I understood the formation of depletion region in a PN junction with no external bias applied.Immobile ions caused due to diffusion of holes and electrons causes electric field and hence the depletion region. Electric field pulls the majority carries back which is the drift current and the PN junction reaches equilibrium.
My question is when external bias is applied,PN junction is forward biased,why doesn't more immobile ions are formed as holes from P side will move towards the N side leaving an immobile negative ion and electron will move towards the P side leaving behind the immobile positive ion,which can cause the depletion width to increase until it balances the external electric field applied due to bias.More immobile ions will be created in forward bias PN junction and hence more the depletion region?
Best Answer
First, note that during reverse-bias, the depletion region becomes wider, while under forward bias the depletion region narrows down to nearly zero width.
Answer: immobile ions are permanent. They are the dopant atoms which were added during manufacture of the diode. In doped silicon, during electric currents, no immobile ions are formed. This is because no phosphorus or boron atoms are being injected into the diode!!!
In p-type silicon, the number of immobile negative ions is constant. Electric currents do not move the immobile ions, nor do they alter the dopant density. And in n-type silicon, the number of immobile positive ions is constant as well. "Immobile" means unmoving. Unmoving under bias, unmoving under high current, unmoving under zero current.
Perhaps you have a "wrong picture" of carrier-motion in doped semiconductor?
The silicon is full of dopant atoms having permanent charge: the immobile ions.

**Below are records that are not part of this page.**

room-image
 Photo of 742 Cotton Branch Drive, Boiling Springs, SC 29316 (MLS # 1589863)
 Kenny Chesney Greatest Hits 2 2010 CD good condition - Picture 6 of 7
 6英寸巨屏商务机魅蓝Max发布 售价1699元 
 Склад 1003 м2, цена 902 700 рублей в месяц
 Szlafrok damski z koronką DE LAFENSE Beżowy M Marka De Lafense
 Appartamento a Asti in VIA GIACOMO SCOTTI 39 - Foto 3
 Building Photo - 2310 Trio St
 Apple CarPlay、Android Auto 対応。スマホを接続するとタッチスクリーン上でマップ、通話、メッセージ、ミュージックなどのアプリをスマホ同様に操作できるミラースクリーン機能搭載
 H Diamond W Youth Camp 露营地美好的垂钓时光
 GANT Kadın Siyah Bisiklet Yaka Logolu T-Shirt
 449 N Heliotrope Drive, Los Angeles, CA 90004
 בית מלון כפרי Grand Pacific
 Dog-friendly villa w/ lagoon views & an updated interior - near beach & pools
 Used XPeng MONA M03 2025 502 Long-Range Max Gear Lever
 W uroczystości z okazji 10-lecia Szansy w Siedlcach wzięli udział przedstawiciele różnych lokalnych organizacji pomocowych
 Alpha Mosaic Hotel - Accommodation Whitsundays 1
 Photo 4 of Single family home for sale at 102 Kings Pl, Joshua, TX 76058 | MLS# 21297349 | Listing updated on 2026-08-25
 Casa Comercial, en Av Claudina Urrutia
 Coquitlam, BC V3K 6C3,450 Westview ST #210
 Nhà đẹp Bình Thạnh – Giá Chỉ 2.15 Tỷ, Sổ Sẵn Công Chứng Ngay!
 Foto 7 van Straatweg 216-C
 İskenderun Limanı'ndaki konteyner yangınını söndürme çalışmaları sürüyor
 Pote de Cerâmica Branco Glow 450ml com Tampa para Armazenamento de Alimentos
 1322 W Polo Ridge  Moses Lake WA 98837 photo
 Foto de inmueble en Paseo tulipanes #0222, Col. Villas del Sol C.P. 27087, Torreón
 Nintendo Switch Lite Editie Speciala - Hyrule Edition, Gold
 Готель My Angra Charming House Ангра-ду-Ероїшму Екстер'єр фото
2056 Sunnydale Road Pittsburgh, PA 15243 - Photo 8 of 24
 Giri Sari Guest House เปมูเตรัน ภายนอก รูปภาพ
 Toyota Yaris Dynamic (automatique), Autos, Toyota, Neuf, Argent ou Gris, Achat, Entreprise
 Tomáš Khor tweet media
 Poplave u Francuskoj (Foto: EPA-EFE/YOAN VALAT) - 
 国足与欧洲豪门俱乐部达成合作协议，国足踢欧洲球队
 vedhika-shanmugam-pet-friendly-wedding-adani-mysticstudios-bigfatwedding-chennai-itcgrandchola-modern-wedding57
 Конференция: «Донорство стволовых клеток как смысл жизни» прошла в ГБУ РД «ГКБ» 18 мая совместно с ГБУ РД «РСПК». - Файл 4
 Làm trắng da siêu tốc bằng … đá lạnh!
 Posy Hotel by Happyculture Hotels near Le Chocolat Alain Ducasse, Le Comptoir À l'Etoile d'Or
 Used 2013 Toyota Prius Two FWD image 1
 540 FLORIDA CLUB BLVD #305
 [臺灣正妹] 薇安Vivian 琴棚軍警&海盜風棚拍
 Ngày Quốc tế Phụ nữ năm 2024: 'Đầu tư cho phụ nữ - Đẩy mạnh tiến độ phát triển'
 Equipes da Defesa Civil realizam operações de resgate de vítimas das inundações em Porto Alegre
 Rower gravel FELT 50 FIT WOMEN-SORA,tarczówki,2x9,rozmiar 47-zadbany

The silicon also contains an equal number of movable charge-carriers, mobile silicon ions with charge polarity opposite to the dopant. So, in phosphorus-doped silicon, the material contains positive phosphorus atoms as well as a "gas" made up of movable electrons. The electrons wander around freely, but they can only move in closed loops (complete circuits.) So, whenever an electron drifts farther away from a positive phosphorus atom, another electron moves closer to take its place, and the material remains neutral.
The mobile electrons don't leave any ions behind as they jump between lattice locations. The mobile electrons were always strongly negative, so when they occupy a lattice location, they act as a negative silicon ion. Then, when they move away from a lattice location, that location again becomes a neutral silicon atom: uncharged. (It does not become positive charged.)
Again, the material as a whole is only neutral because the number of positive phosphorus atoms is equal to the number of movable electrons. Also, the dopant density is usually very low, perhaps one mobile electron per 10^6 silicon atoms (plus also one immobile phosphorus atom per 10^6 silicon atoms, of course.) Doped semiconductor behaves like a sealed container with a very few charged particles wandering around inside. This is very different than metals, where every lattice location donates one or more movable charges.
To visualize n-type silicon, imagine a sparse, low-density gas made of electrons, mixed equally with a sparse, low-density "stain" made of positive phosphorus ions.
[edit] Note that all of the above applies to currents in conductive, carrier-filled silicon. Depletion-zones are different; they're insulating. Their population of mobile carries has been swept away, and only the immobile ions are left behind. Perhaps your question is about the boundary at the edge of the depletion region?
This boundary is not fixed, and the boundary location can move depending on applied e-fields (bias voltage.) But the motions of this boundary are a separate phenomenon from the usual electric currents occurring in conductive silicon. At the edge of the depletion zone, an e-field can sweep the "electron gas" out of the silicon, causing the depletion zone to expand. In that case there is no closed circuit, and when one electron moves away from a positive phosphorus atom, no other electron comes in to take its place. As an "electric current," this somewhat resembles the displacement current in capacitor dielectric. It's an increasing polarization, but rather than the dielectric atoms becoming more polarized (as with conventional capacitors,) the conductive region retreats and the insulating region expands, and the boundary between conductor and insulator is moving.